For current analysis, we only used NYT articles related to Pakistan. NYT publishes dozens of articles daily, so to narrow down to only relevant articles we chose the ones that contained the word "Pakistan" in the headline and were published between 1st January 2018 and 31st December 2018.
In 2018 there were 118 articles on NYT that contained the word 'Pakistan' in the headline, excluding non-text audio or video based content that we could not analyze.
Sentiment Analysis is quantitatively identifying and categorizing opinions expressed in a piece of text, especially in order to determine whether the writer's attitude towards a particular topic, product, etc. is positive, negative, or neutral. A negative (-ve) score means a negative attitude, positive score (+ve) denotes a positive attitude. Sentiment analysis scores vary from -1 to +1, -1 being the most negative and +1 being the most positive.

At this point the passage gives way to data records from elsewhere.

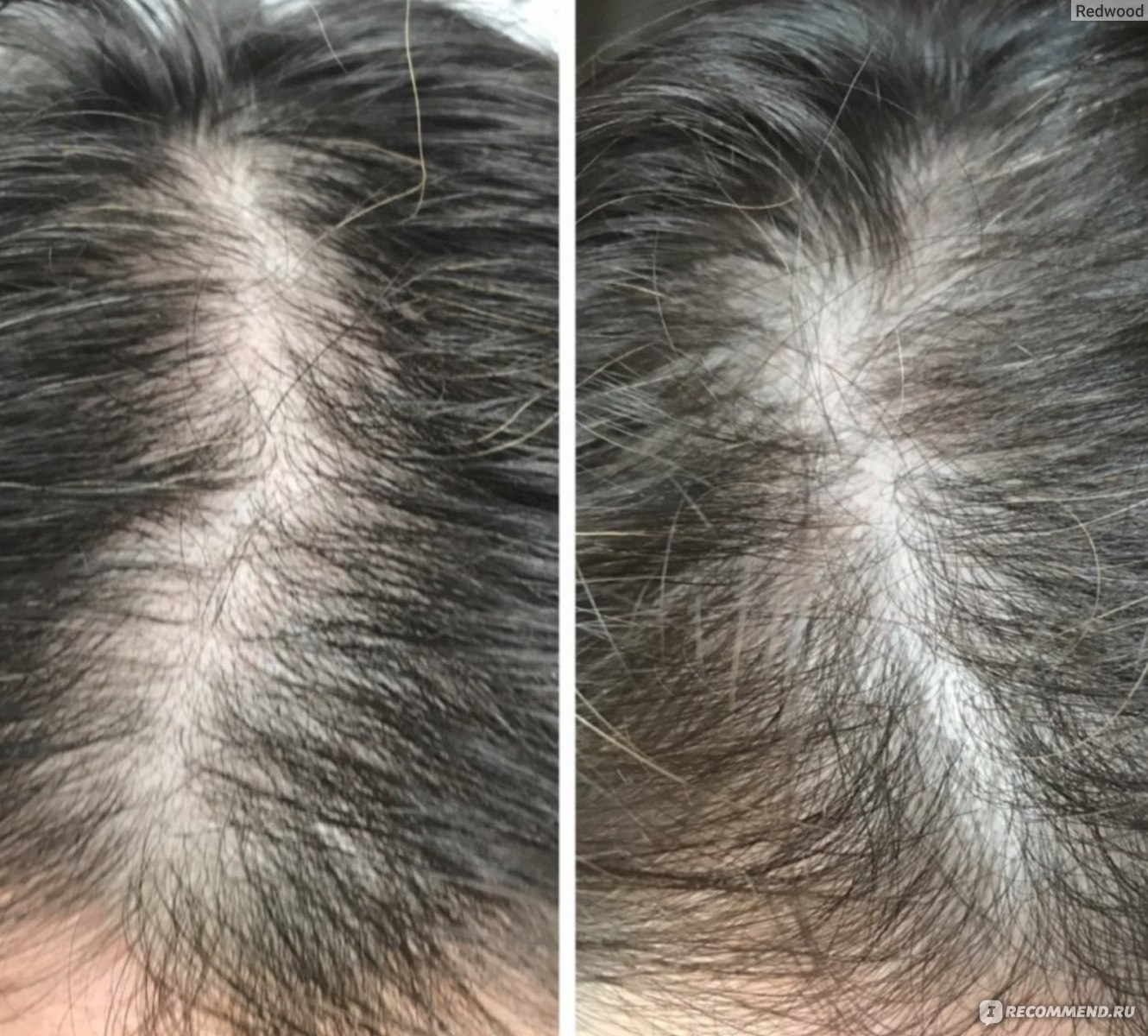 Никотиновая кислота для волос до и после фото мужчины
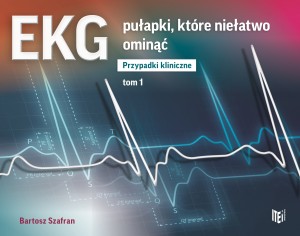 43935a5-ekg-pulapki-ktore-ni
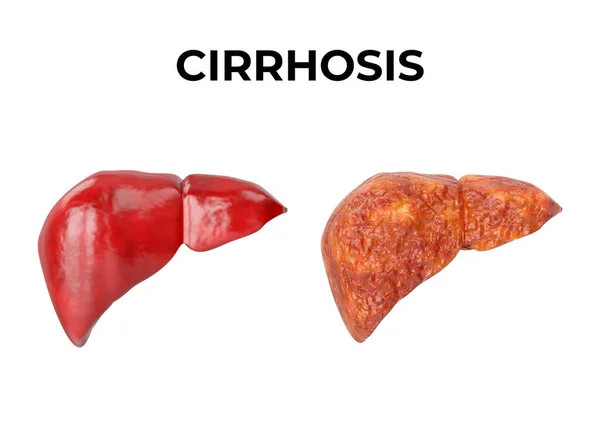 A túlzott alkoholfogyasztás vagy a súlyos zsírmáj betegség a májszövet károsodásához, májzsugor (májcirrhosis) kialakulásához vezethet. A máriatövis védi a májsejteket, elősegíti a károsodott májszövet regenerációját. Hatóanyaga, a szilimarin képes csökkenteni, gátolni a májfibrózist.
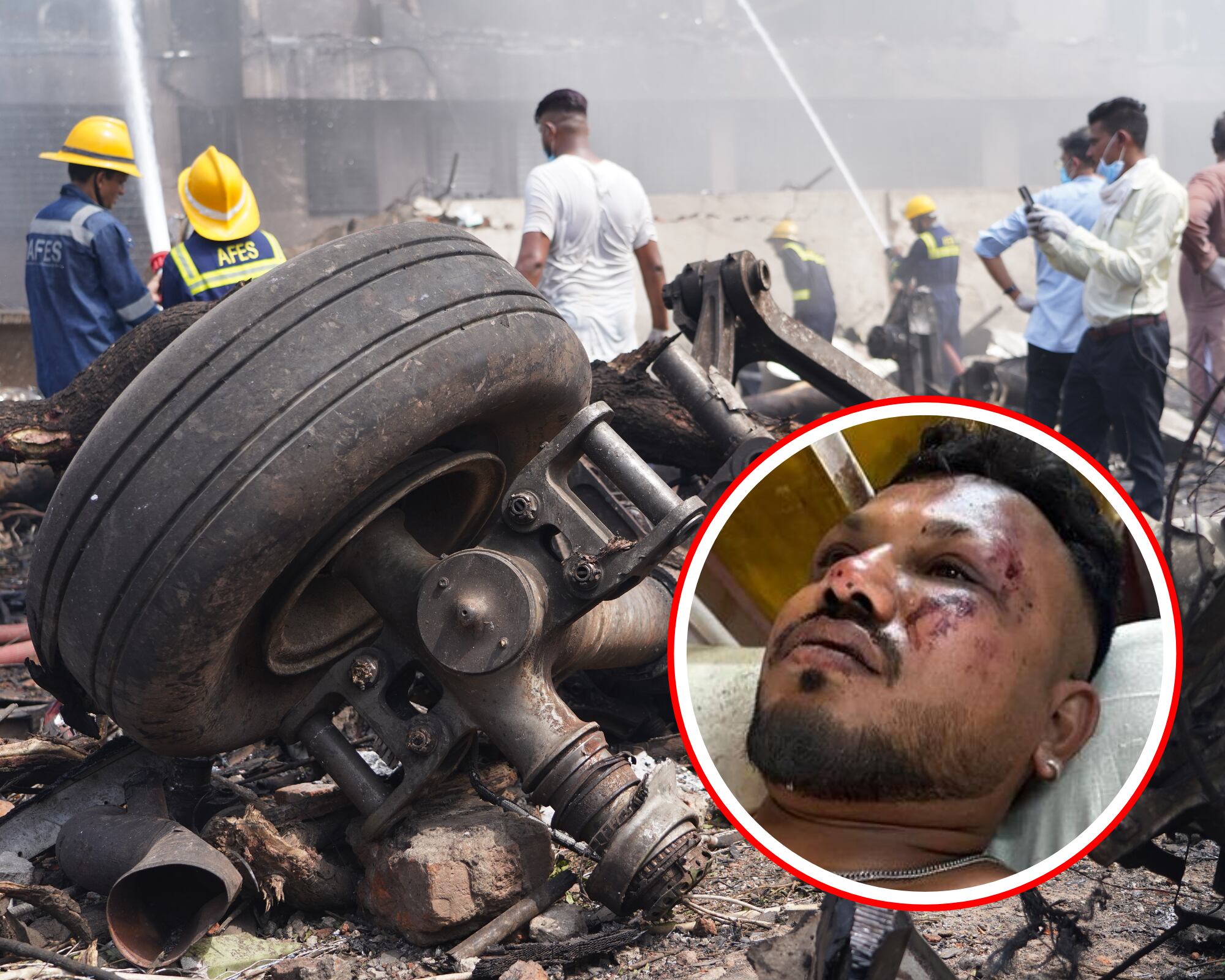 Vishwash Kumar Ramesh saltó del avión poco antes de que chocara y, según los primeros rescatistas, estaba cojeando después del accidente.
(Foto: Cortesía / Getty )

For sentiment analysis we used VADER (Valence Aware Dictionary and sEntiment Reasoner) [link]. VADER has been tested on social media texts as well as New York Times editorials, hence most relevant tool for our analysis. We ran a sentiment analysis on each sentence contained within the articles.
Since each sentence had a different sentiment score, we took the mean sentiment score of all sentences to calculate the overall sentiment of an article.
The results of sentiment analysis of all 118 articles under discussion is shown in the chart below.
We can see that out of the 118 articles, most of the articles have a negative sentiment and the chart is heavily skewed towards the left. Hence, we can say with some confidence that overall sentiment of NYT's Pakistan coverage has been negative.
One can argue that if most of the events in Pakistan in 2018 have been negative, NYT cannot give a positive spin to those just to give a positive sentiment. This is a valid argument if we only consider sentiment score, so we also need to check if the articles have been significantly objective.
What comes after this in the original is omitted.